WHAT IS EXPECTED:
Each line below from the one containing "Fa Men Red Cedarwood" through the one containing "Daredevil #183 Marvel" is to be given again exactly, and no line outside that span.
--- MATERIAL FOR THE TASK Enclosed Below ---
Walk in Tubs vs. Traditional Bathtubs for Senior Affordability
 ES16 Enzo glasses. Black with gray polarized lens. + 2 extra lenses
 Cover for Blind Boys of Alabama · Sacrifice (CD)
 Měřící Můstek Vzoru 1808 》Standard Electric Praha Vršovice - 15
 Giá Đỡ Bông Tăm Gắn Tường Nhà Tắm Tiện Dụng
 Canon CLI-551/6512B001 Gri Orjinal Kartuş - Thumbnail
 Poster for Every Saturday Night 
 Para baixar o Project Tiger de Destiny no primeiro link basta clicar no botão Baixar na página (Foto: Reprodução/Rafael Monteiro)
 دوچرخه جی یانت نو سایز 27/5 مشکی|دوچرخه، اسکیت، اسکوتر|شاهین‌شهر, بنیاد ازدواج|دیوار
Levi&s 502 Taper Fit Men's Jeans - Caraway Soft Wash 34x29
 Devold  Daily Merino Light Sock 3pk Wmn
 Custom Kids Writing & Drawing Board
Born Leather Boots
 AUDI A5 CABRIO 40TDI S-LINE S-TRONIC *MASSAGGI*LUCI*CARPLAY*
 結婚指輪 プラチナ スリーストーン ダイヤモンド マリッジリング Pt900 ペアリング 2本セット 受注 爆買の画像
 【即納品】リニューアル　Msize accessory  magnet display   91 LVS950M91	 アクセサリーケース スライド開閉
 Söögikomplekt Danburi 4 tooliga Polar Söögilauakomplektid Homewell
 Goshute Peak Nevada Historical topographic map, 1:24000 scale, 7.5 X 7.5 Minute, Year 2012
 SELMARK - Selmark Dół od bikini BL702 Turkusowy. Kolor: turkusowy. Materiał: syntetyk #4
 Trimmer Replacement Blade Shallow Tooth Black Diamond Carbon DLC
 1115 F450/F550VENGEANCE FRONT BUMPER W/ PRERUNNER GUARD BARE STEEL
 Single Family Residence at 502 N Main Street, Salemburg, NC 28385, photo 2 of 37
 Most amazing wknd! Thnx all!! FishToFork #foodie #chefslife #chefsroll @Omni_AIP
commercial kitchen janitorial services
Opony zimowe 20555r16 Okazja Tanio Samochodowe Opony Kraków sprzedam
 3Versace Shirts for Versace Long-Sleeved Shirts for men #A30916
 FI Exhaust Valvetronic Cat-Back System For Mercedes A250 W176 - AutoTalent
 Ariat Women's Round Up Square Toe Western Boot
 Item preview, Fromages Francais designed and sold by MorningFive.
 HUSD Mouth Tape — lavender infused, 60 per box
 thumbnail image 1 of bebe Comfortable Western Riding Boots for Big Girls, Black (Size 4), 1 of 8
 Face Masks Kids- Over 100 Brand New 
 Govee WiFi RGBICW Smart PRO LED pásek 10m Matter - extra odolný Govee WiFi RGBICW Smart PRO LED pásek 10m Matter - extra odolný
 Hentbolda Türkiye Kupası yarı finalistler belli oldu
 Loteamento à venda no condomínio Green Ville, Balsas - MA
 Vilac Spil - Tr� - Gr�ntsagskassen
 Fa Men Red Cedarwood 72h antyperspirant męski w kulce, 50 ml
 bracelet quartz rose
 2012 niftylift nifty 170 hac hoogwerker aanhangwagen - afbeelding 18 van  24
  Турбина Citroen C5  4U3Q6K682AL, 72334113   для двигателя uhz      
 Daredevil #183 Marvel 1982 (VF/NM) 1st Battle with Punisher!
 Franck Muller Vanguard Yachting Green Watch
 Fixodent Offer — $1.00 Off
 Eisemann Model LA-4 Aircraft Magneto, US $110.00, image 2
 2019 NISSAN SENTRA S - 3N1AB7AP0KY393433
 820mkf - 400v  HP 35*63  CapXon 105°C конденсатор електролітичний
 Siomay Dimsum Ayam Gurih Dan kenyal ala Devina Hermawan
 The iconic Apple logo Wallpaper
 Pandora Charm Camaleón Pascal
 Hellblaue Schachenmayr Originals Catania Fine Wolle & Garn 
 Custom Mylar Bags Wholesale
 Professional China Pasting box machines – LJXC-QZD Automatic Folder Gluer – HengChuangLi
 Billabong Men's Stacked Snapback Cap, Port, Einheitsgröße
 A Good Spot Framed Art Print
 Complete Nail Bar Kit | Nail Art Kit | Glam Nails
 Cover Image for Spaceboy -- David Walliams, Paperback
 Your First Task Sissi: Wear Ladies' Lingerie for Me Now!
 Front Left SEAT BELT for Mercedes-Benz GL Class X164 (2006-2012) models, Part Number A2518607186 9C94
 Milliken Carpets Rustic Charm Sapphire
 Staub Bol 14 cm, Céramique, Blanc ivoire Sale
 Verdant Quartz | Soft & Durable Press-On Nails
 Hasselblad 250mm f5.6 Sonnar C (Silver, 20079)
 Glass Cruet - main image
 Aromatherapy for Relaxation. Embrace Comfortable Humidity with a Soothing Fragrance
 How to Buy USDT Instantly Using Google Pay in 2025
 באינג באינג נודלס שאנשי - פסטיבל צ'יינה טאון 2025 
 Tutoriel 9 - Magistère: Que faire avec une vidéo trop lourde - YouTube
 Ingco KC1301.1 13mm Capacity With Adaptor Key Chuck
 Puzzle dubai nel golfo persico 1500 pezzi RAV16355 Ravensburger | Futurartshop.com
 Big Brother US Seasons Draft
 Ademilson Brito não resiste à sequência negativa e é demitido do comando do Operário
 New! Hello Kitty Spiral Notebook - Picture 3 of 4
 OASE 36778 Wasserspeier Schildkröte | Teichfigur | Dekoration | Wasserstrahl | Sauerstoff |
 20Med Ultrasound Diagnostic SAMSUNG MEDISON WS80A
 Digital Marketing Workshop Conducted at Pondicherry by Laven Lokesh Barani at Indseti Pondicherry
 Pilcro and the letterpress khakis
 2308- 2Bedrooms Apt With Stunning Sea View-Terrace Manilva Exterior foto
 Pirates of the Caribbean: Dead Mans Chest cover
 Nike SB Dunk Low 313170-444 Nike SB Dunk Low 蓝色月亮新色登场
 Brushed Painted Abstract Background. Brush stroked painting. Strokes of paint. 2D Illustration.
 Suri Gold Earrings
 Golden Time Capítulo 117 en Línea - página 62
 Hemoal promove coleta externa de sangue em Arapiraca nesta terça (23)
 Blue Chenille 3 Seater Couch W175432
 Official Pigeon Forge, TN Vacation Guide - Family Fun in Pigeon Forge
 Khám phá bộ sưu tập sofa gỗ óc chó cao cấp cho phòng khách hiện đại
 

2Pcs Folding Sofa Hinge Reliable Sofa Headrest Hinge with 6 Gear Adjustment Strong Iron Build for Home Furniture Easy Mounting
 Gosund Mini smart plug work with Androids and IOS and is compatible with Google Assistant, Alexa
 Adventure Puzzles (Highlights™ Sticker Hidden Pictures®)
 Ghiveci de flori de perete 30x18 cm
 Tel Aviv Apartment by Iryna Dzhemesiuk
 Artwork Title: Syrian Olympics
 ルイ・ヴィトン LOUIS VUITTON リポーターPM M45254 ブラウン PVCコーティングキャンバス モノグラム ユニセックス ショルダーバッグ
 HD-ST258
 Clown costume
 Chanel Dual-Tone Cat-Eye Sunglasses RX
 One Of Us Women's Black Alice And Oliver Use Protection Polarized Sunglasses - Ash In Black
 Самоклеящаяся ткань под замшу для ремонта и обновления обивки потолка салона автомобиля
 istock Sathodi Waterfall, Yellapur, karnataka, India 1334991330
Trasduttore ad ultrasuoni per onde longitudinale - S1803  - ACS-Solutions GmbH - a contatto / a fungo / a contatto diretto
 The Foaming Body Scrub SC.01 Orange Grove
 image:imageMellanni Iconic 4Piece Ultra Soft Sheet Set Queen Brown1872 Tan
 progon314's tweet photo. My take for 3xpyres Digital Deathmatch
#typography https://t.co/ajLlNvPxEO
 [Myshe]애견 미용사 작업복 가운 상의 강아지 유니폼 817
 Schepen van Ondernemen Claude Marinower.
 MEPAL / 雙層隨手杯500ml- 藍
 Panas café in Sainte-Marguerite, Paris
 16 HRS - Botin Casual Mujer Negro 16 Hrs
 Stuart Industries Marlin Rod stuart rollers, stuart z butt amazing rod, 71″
--- End of Enclosed MATERIAL FOR THE TASK ---
YOUR RESPONSE:
 Fa Men Red Cedarwood 72h antyperspirant męski w kulce, 50 ml
 bracelet quartz rose
 2012 niftylift nifty 170 hac hoogwerker aanhangwagen - afbeelding 18 van  24
  Турбина Citroen C5  4U3Q6K682AL, 72334113   для двигателя uhz      
 Daredevil #183 Marvel 1982 (VF/NM) 1st Battle with Punisher!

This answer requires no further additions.